NEW YORK, NY.-
The first silver shekel struck in Jerusalem by Jewish forces rebelling against Roman oppression in the first century CE, one of only two specimens known, will be auctioned as part of The Shoshana Collection of Ancient Coins of Judea, March 8-9, at the Fletcher-Sinclair Mansion (Ukrainian Institute of America) at 2 East 79th St (at 5th Ave.). The auction begins on March 8 at 6 p.m. ET.
The Shoshana Collection, assembled over the course of four decades by an American collector of Judaean coins, is perhaps the greatest assembly of ancient coins related to the foundation of ancient Israel ever offered, with more than 700 coins spanning more than 11 centuries. Auction estimates on the coins range from $200 to $950,000.
This Year 1 silver shekel, struck shortly after the Jewish War began in May of 66 CE, is the prototype for all subsequent shekels, said Cris Bierrenbach, Executive Vice President of Heritage Auctions
. Only a handful of coins were struck from this first set of dies before the design was radically changed. Only two prototypes have survived to the present day, with the only other known specimen in the Israel Museums collection.
In fact, the Israel Museum has stated that it would like to acquire many of the coins from The Shoshana Collection and has a wish list available to potential bidders interested in purchasing coins from the auction and donating them to the museums collection, or in making them available on long-term loan. This can be done through the American Friends of the Israel Museum, a tax-exempt organization.
The revolt against the Romans sent shock waves throughout the Empire, said David Michaels, Director of Ancient Coins at Heritage. As soon as the Romans fled Jerusalem, the Jews set up a mint and began striking coins to celebrate their newfound freedom, 19 centuries before Israel was reborn.
All the coins in this collection are beautiful examples of their respective types, said Bierrenbach. Combine that with the sheer historical witness they can bear and you begin to understand just how special they are. It has been decades since examples of many of these coins have sold at auction.
This is a remarkable collection of ancient Jewish and Biblical Coins, added David Hendin, author of the widely read Guide to Biblical Coins and primary cataloguer of The Shoshona Collection. Testimony to the rarity and quality of the coins in the Shoshana Collection is that so many of them have been used to illustrate standard references or have come from important collections such as that of Abraham Bromberg and the late Teddy Kollek, mayor of Jerusalem.
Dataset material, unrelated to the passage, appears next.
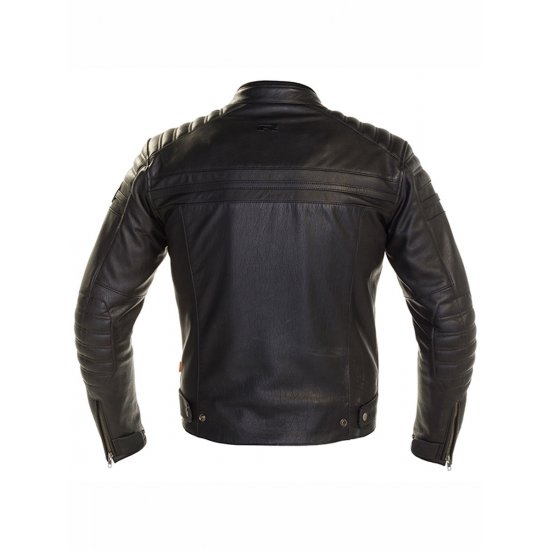 Richa Daytona 2 Leather Motorcycle Jacket at JTS Biker Clothing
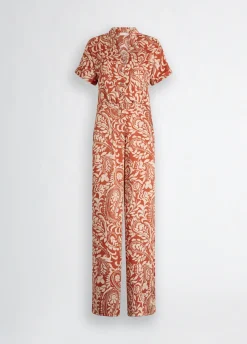 Liu Jo Mono de sarga estampado-Mujer Vestidos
Also highlighted is another extreme rarity, a silver quarter-shekel of Year 1 (May 66-March 67 CE). Again, only two surviving specimens are known. Since the only other survivor has a hole in it, the Shoshana specimen is the only one known intact.
Consider that this coinage was adopted by the Jewish freedom-fighters under incredibly stressful conditions, said Michaels. With a full range of denominations, its both starkly beautiful and remarkably advanced.
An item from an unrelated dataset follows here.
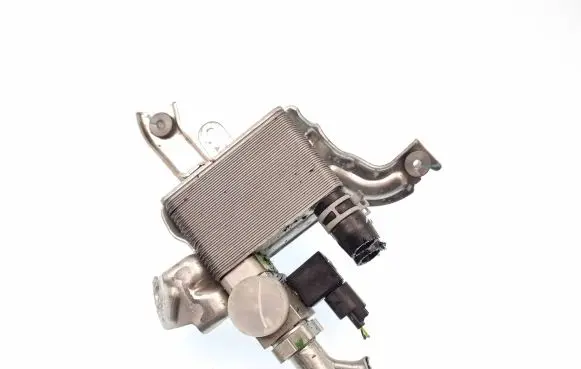Air conditioning (A/C) expansion valve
A silver shekel of Year 5 (April-August 70 CE), pedigreed to the famous Nelson Bunker Hunt collection and reportedly found at the mountaintop fortress of Masada one of the most holy Jewish pilgrimage sites is certain to draw the eye of as many numismatists as it is historians.
Shekels struck in the final year of the Jewish War are exceedingly rare, said Michaels, let alone one of them from the final year that made it to Masada, the last redoubt of the Jewish Rebels who held out for three years before committing suicide as a final act of defiance against Rome.
The collection also contains Roman coins relating to the Jewish War.
The Romans responded to the revolt with utter ruthlessness, said Michaels. Their forces were led by the general Vespasian, who soon became emperor himself, and his able son Titus.
An incredibly rare gold aureus of Titus as Caesar (69-79 CE), struck at an Eastern mint in 69 CE, provides a different perspective to the bitter conflict. The reverse legend IVDAEA DEVICTA Judea is Conquered anticipates the subjugation of Judaea, which the Romans achieved with the fall of Jerusalem, after an epic seven-month siege, in 70 CE.
All of the coins will be available for viewing at the Fletcher-Sinclair Mansion from Tuesday, March 6 through Thursday, March 8, 10 a.m. to 6 p.m. The collection includes the earliest Philisto-Arabian coins struck in the Holy Land (circa 500-400 BCE), as well as coins issued by the Maccabbean and Herodian rulers of independent Judaea, by Jewish rebels in the First Jewish War and Bar Kochba Revolt and coins struck by the Romans with references to their Eastern province.
Numismatists, history buffs and aficionados of fine Judaica alike are all invited to come out to the Fletcher-Sinclair, said Bierrenbach. The auction is open to the public. Whether people want to buy or simply bear witness the history, everyone is welcome.